Mr Sandhu says that price
of onion remained almost constant at Rs 5 a kg last year
and at the beginning of the current year. Of a total
consumption of 40 lakh tonnes annually, the monthly
intake of onion comes to about 3.3 lakh tonnes. Against
the previous year's price of Rs 5 a kilo, the average
price in the past six months, says Mr Sandhu, comes to Rs
40 a kg. If calculated at last year's rates, one lakh
tonnes cost Rs 50 crore. But this year, they cost eight
times more, which comes to a whopping Rs 400 crore. The
difference for a lakh tonne of onions, calculates Mr
Sandhu, comes to Rs 350 crore. Taking the average
consumption to half because of high prices, consumers of
onion in the country shelled out nearly Rs 4,000 crore
more this year, though their intake of the commodity was
50 per cent.
Where has this money gone?
he asks. This is the money, he says, which has been
pocketed by "onion cartel", middlemen,
commission agents, who basically operate from states
ruled by the BJP. "This is, perhaps, the biggest
scam to have rocked not only the country in general but
an average consumer, a poor man, in particular. The
people have right to know where this huge amount of money
has gone," says Mr Sandhu.
The economics of onion
scam apart, an average consumer continues to be hit hard
as the roadside dhabas, small restaurants have not only
deleted "onions" from their "salad"
and "pudina ki chutney list", but have also
effected a 15 per cent to 30 per cent increase in prices.

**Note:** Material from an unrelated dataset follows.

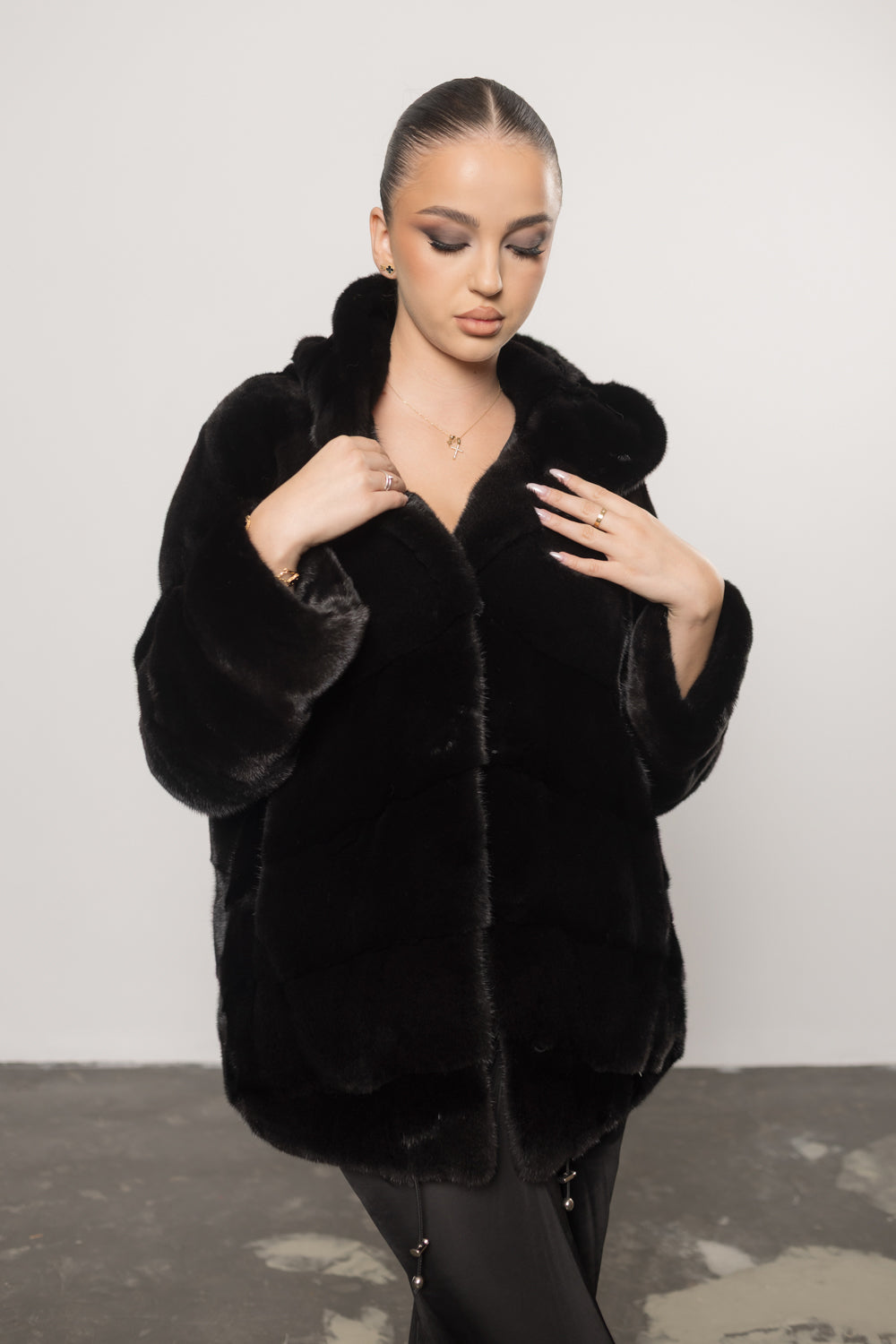 Diamond Black 416 Kapuzenmantel aus natürlichem Nerzfell für Damen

A Sector 7-C tandoor owner
says because of the unprecedented increase in prices of
vegetables, pulses and edible oils, he has raised the
price of a plate of vegetables from Rs 15 to Rs 20 while
the tandoori chapati is priced at Rs 2 a piece as against
Rs 1.50 a few months ago. A plate of fried dal minus
onions could now be had for Rs 20 as against Rs 12 to Rs
15 earlier.
The situation is no better
in certain restaurants in the city. They have hiked the
kitchen rates by 15 to 30 per cent. The reasons given by
them are the rising prices of all inputs, including
edible oils.
Though there is not much
of a change in the prices of chicken, mutton, fish, milk
products and mushrooms, the dhaba and restaurant owners
maintain that because of costlier cooking medium and
rising prices of spices, they are being forced to hike
the prices of these items as well.
Now the power tariff is to
go up from November 11, they say.
Roadside tandoorwallahs,
too, are reeling under the price rise. A simple chapati
cannot be had for less than Rs 1.50, which was until a
few months ago available for Re 1. Same is the case with
a simple plate of dal, which is now Rs 12 against Rs 8
earlier.
"I have been eating
at a restaurant in Sector 20 for the past several years
but had never to pay so much for a simple meal as I have
to do now," says a government employee. He says his
food bill has gone up by 30 per cent though his menu has
almost remained unchanged. "The only changes are
that I do not get onions in free salad with food. The
restaurant does not give pudina ki chutney any more
because it needs onions as an ingredient," he adds.
Those restaurants selling
Chinese preparations, too, have raised the rates though
most of the preparations are without onions. The reason
given is the rising prices of other ingredients,
including oils, vegetables and even rice.
The bigger hotels and
those run by CITCO, however, have not increased the
prices for they have rate contracts for supply of edible
oils, vegetables and fruit. "The suppliers are
facing the pinch", a spokesman of CITCO said,
claiming that they "are getting onions, vegetables,
fruit and edible oils at rates decided at the beginning
of the year."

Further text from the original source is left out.